Here is the Key Post to which Mac refers: 

http://www.askaboutmoney.com/showthread.php?p=1056392#post1056392


Macstuff

You can see how to post links to other posts at 



Brendan


----------



## Jim2007

Van der Hoop said:


> I reckon if I applied directly to AIB they may look into it. If I use another bank chances are they wont be contacting AIB and as long as they are getting their regular payment.



And if and when AIB runs their next credit check on you, what will happen.... don't assume that they only do this when you are applying for a loan.

Jim.


----------



## Van der Hoop

AIB have no reason to run a credit check on me...I dont have a current a/c with them and no other loans.


----------



## Van der Hoop

Thanks Brendan!


----------



## Jim2007

Van der Hoop said:


> AIB have no reason to run a credit check on me...I dont have a current a/c with them and no other loans.

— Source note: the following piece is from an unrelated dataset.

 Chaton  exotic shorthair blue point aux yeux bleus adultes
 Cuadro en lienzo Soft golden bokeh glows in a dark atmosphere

Of course they have!  As part of their normal credit and risk management activities, they regularly review lines of credit on a random selection of account holders these days.   In fact credit and risk management is the one are of banking that is still actively recruiting throughout Europe!

Jim


----------



## Van der Hoop

yeah - I reckon AIB have more urgent issues for their credit and risk management departments than having the luxury of credit checking random mortgages which aren't in arrears...

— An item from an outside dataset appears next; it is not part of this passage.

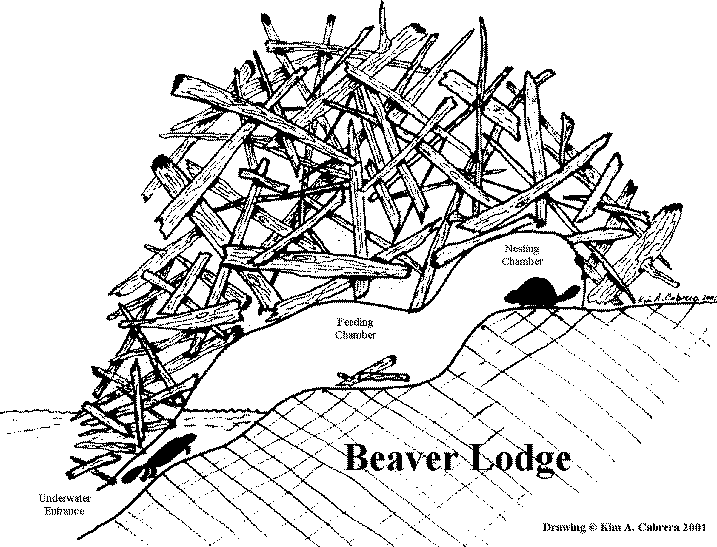 Drawing of beaver lodge by Kim A. Cabrera.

Anyhow, I have to take the risk or else never buy a place for the next 25 years...


----------



## Panacea

Presumeably you intend to pay the tax due on the rental property, in which case you would not be entitled to TRS on the mortgage and would have to notify your bank accordingly.

You would also have to register with PTRB, change your insurance to cover landlords/tenants issues, change utility billing info .... any of which could come to the attention of your bank as they could in theory notice new utility account numbers or the additional insurance cost / or additional policy payment.

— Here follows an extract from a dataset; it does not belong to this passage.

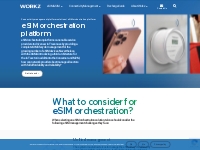  			eSIM orchestration platform - Workz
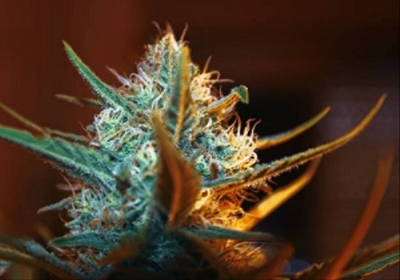 What are the best cannabis strains for chronic pain?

They would also end up seeing the new mortgage (and other bills) being repaid each month if your bank account is currently with AIB unless you go to the hassle of opening a new account and get rent paid into that account and pay new mortgage from there ...

Better to be up front at the outset imho.


----------



## Van der Hoop

I don't think the banks have quite the advanced monitoring capabilities you are suggesting...I'm not sure how you think they are checking utility bills??

Yes , my current account is not with AIB.

The PRTB will not be talking to the bank. My only risk is when I ask the revenue to cancel my TRS that they inform the bank and this raises a flag..


----------



## aristotle

Other rish is that your bank may be named as an interested party on your house insruance policy. If you change your policy to reflect that it is rented out then the bank may know this way.


----------



## 44brendan

I wouldn't be overly concerned about credit checks on compliant customers who are not requesting new facilities. As a banker we have more than enough on our plate in dealing with delinquent borrowers. If loan repayments are on line then there will be no credit checks completed.
There seems to be a lot of concern re unilateral actions from Bank to take clients off Tracker rates where there is a change in use of the associated property. In most cases there is a condition in the mortgage documentation where this can be done but in reality unless the "bank" are put specifically on notice that the term has been breached no action will be taken. Brach of a term can not lead to a retrospective removal from tracker rates so even if the Bank was put on notice of the change following some years of a pDH being rented out they could only change the rate from the time that they were made aware of the breach.


----------



## Van der Hoop

Thanks Brendan44, that's exactly the information I was looking for


----------



## confusedude

Van der Hoop said:


> Thanks Macstuff,
> 
> That's what I figured... I reckon it's worth the risk. *Yep , it states in the T&C's that it is for Prinicipal Place of Residence.*
> 
> I reckon if I applied directly to AIB they may look into it. If I use another bank chances are they wont be contacting AIB and as long as they are getting their regular payment.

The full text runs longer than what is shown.